Scientific progress goes 'boink'

Ph.D. Candidate
Princeton University
Department of Computer Science

DeepXplore: Automated Whitebox Testing of Deep Learning Systems

(link) Kexin Pei, Yinzhi Cao, Junfeng Yang, Suman Jana

Main idea

  • What is the problem? No systematic way to check correctness or coverage for deep learning models.
  • Why is it important?
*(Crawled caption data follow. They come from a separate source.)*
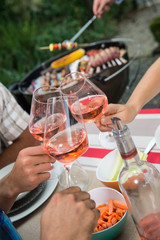 Happy friends having fun outdoors, hands toasting rose wine glass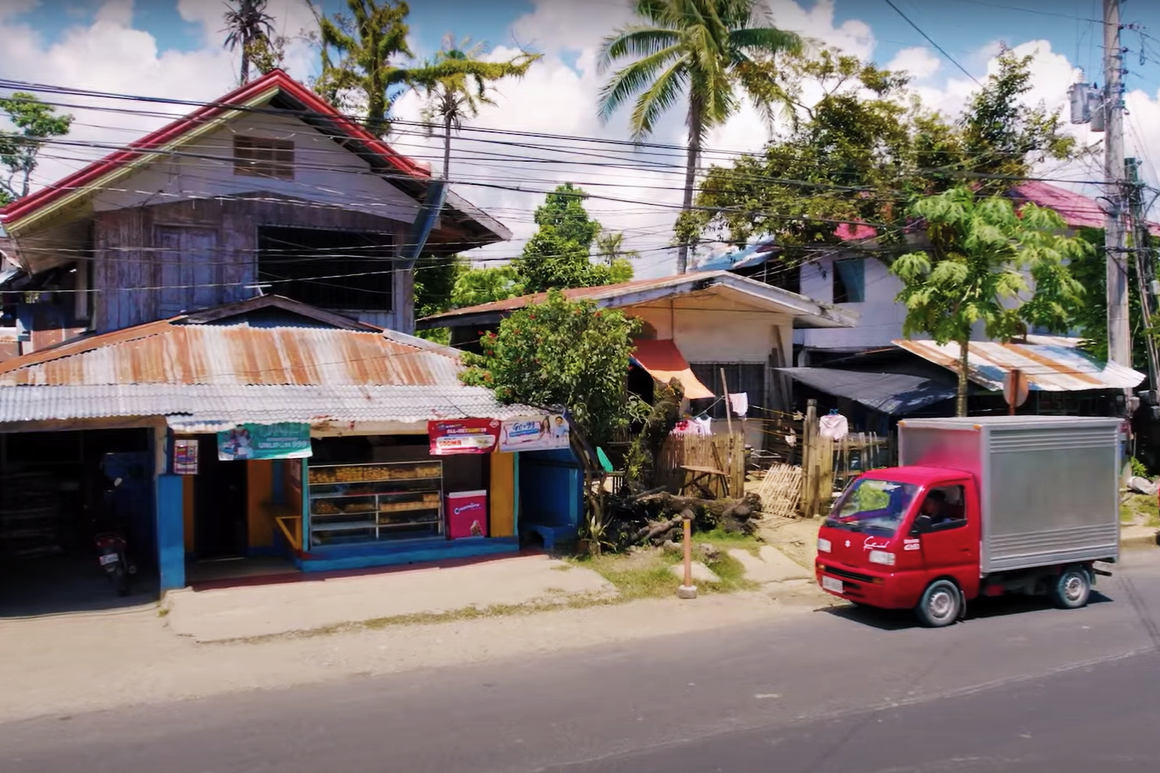 One of the trucks of FAST, a selling and distribution company in the Philippines, approaches a sari-sari store to deliver FMCG products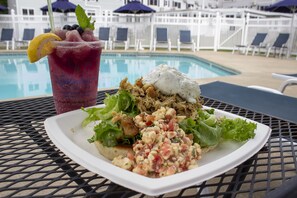 A meal with a salad, chicken, and a drink with a lemon garnish, set on a table by a pool with lounge chairs and umbrellas in the background.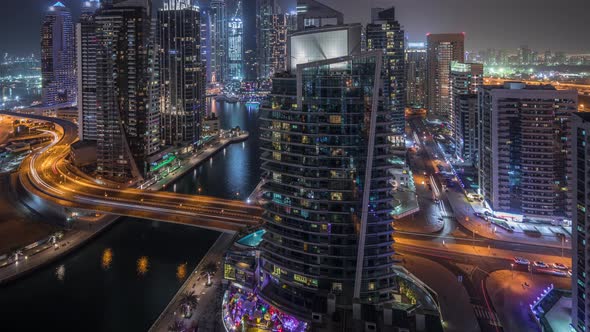 Aerial View of Dubai Marina Residential and Office Skyscrapers with Waterfront Night Timelapse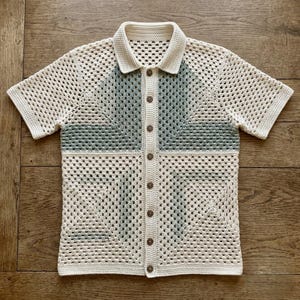 May include: A short-sleeved polo shirt crafted from cream and sage green crochet fabric. The garment features a classic collar, a front button placket with eight brown buttons, and a repeating square-based openwork pattern throughout the design.
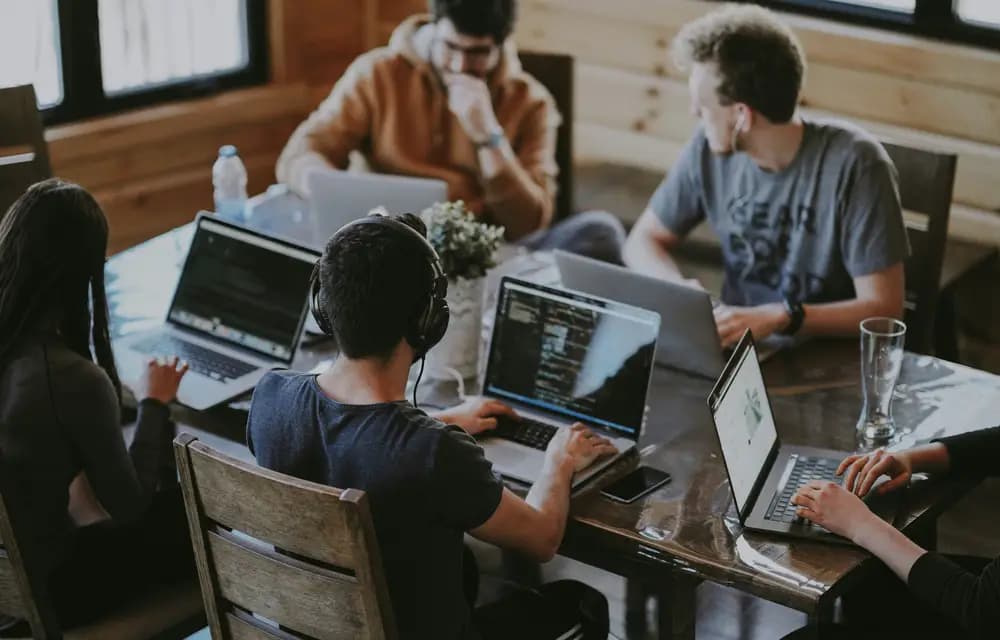 A small team working on laptops around a wooden table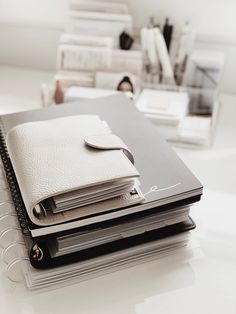 a stack of notebooks sitting on top of a white table next to each other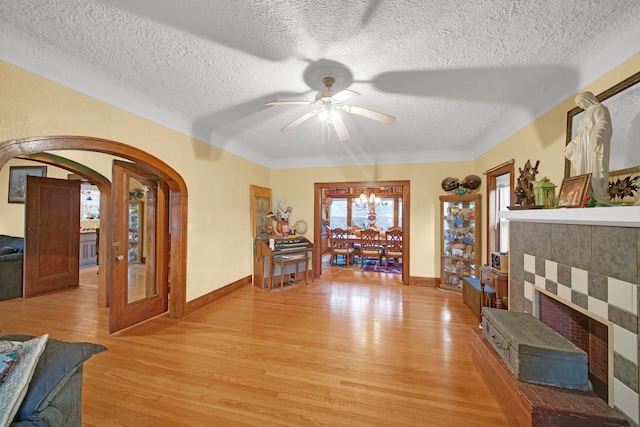 interior space with light wood-type flooring, ceiling fan with notable chandelier, a textured ceiling, and a tile fireplace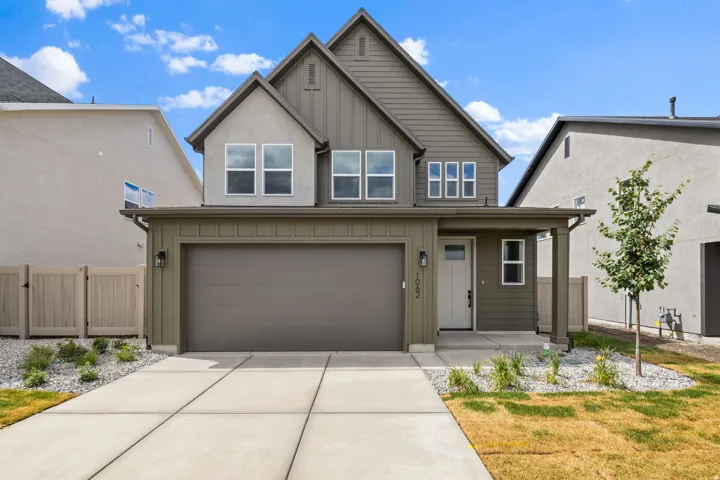 Contemporary two-story exterior with board and batten siding, attached two-car garage, covered front porch, and concrete driveway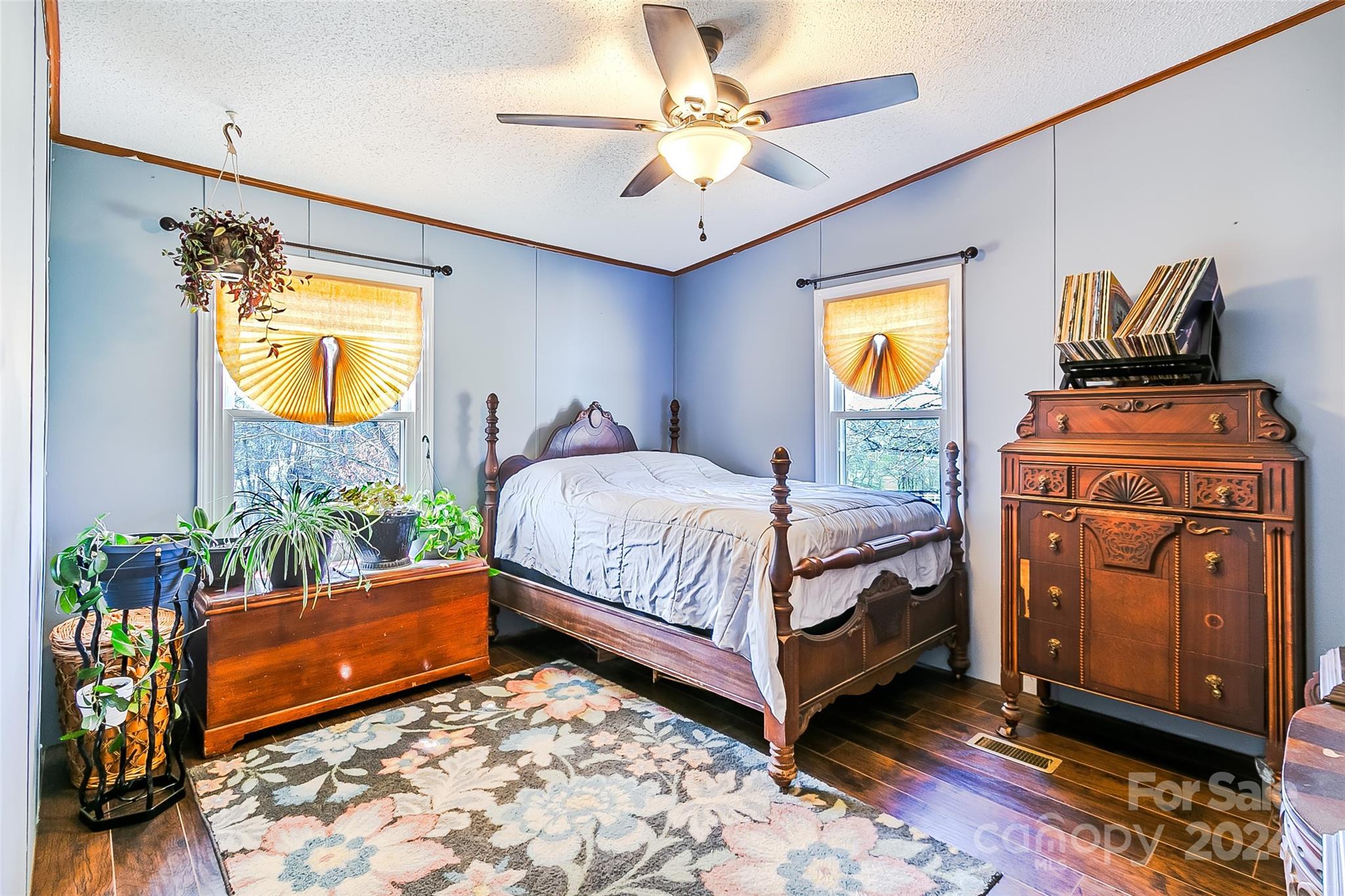 687 Newfound Road Leicester, NC 28748 - Photo 18 of 43 a bedroom with a bed and a couch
Deep learning is increasingly deployed in safety- and security-critical domains.
  • What is the approach?
    1. Use ‘neuron coverage’ as metric for measuring which parts of model are tested by inputs
    2. Use other, similar models to cross-check output to avoid manual checking
    3. Pose the search for inputs that both a) trigger many differential behaviors and b) trigger high neuron coverage as a joint optimization problem to solve via gradiant-based search
  • What is the result?
    • Can generate bad test input without much compute
    • Can use generated bad test inputs to improve model accuracy by up to 3%

Notes

  • Adversarial images expose some errors, but only cover limited portion of a model’s logic
  • Neuron coverage is # of unique activated neurons for all test inputs / total number of neurons
  • Maximize differential behavior means have different behaviors (e.g., classification) from different DNNs on the same input

Questions

  • Is neuron coverage a good metric? How many neurons are likely to be dead with a large enough training set? What indication do we have that neuron coverage is correlated with unusual input or wrong behavior?
  • Isn’t this just another (hand-crafted) mechanism for generating adversarial images? Why is neuron coverage important? We could relax standard adversarial deep learning and use similar domain-specific constraints

Extension ideas

  • Are there other ways to generate “reasonable inputs” that produce diverse outputs (i.e., different results on different models trained for the same task)
  • Can we show whether or not neuron coverage is actually a good metric (i.e., if we have good neuron coverage, does that really mean we have a good sample of the real world?)